Compilation album by Berryz Kobo
- Released: 14 January 2009 (Japan)
- Genres: J-pop, pop
- Label: Piccolo Town
- Producer: Tsunku

Berryz Kobo chronology
| 5 (FIVE) (2009) | Berryz Kobo Special Best Vol. 1 (2009) | 6th Otakebi Album (2010) |

Singles from Berry Kobo Special Best Vol. 1
- "Anata Nashi de wa Ikite Yukenai (1st)" Released: 3 March 2004; "Piriri to Yukō! (3rd)" Released: 26 May 2004; "Koi no Jubaku (5th)" Released: 10 November 2004; "Special Generation (6th)" Released: 3 March 2005; "Nanchū Koi o Yatterū You Know? (7th)" Released: 8 June 2005; "Jiriri Kiteru (10th)" Released: 28 March 2006; "Waratchaō yo Boyfriend (11th)" Released: 2 August 2006; "Tsukiatteru no ni Kataomoi (15th)" Released: 28 November 2007; "Dschinghis Khan (16th)" Released: 12 March 2008; "Yuke Yuke Monkey Dance (17th)" Released: 9 July 2008; "Madayade (18th)" Released: 5 November 2008;

= Berryz Kobo Special Best Vol. 1 =

Album by Berryz Kobo

Berryz Kobo Special Best Vol. 1 (Berryz工房 スッペシャル ベスト Vol.1) is the first compilation album by the Japanese girl Japanese idol group Berryz Kobo, released in Japan on 14 January 2009 on the record label Piccolo Town.
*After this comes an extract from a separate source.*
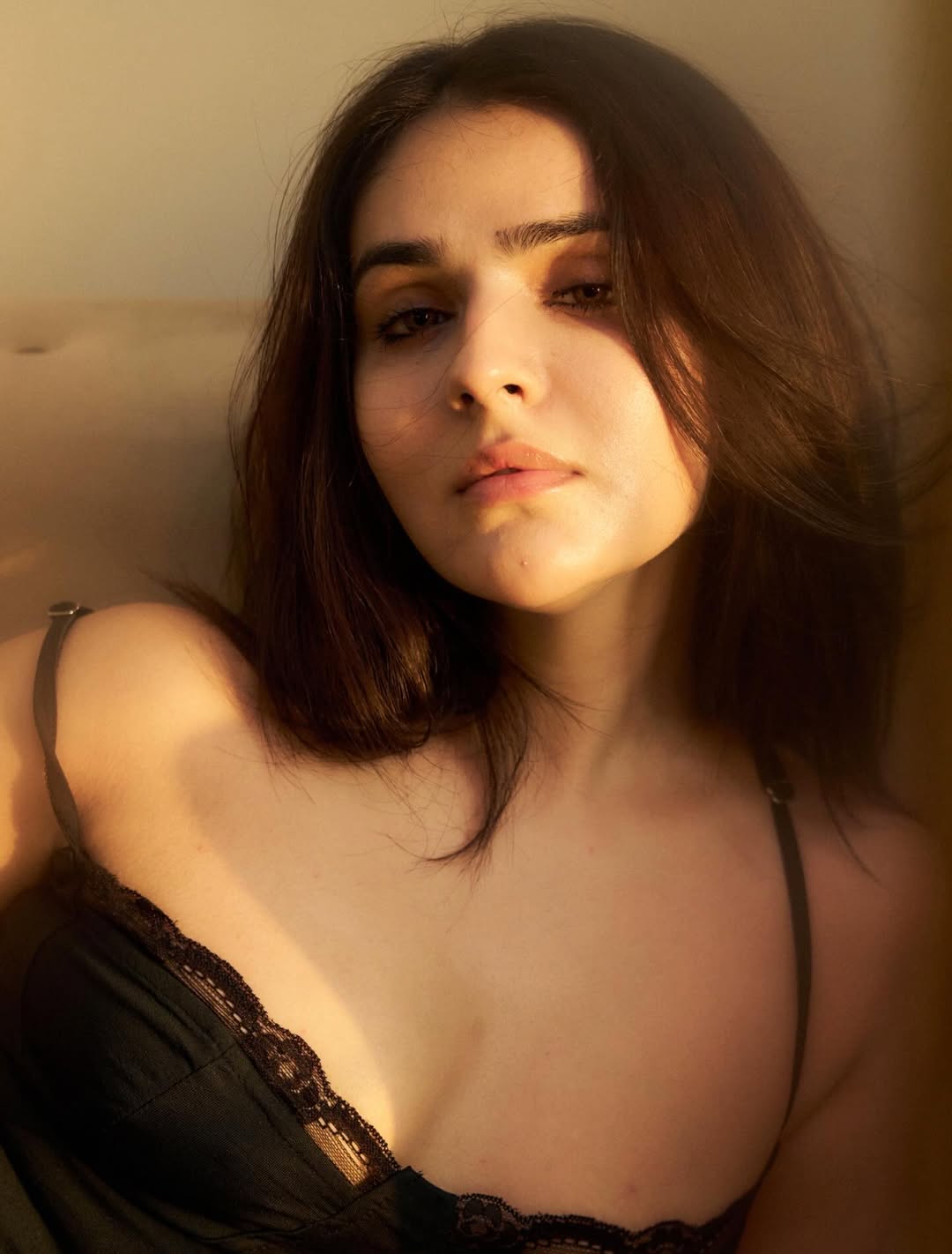Sidhika Sharma in chic black lace outfit showcasing confident and stylish pose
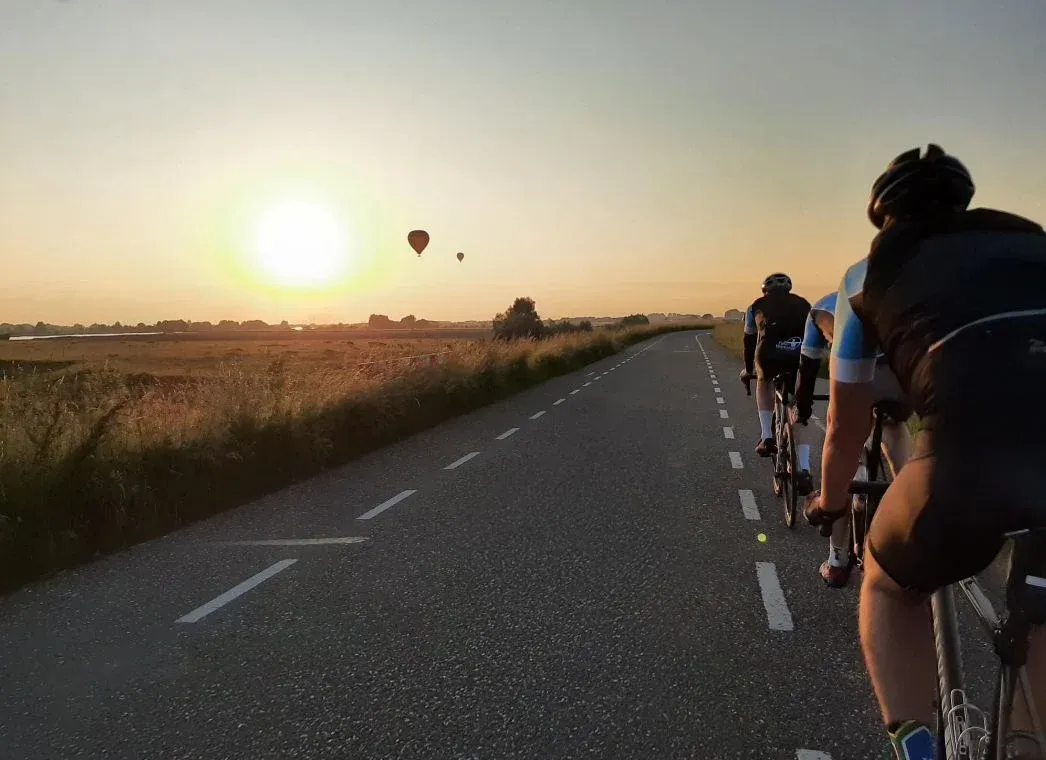 Toerleden van achteren gezien op een polderweg bij zonsondergang, met twee luchtballonnen in de lucht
The CD appeared less than two months before Berryz Kobo's fifth anniversary. It contained material selected from 18 singles and 6 albums the group had released so far. There's also one new track, "Otoko no Ko", which opens the album. All songs on the compilation, except one ("Dschinghis Khan", which is a cover of the German band of the same name), are written and produced by Tsunku.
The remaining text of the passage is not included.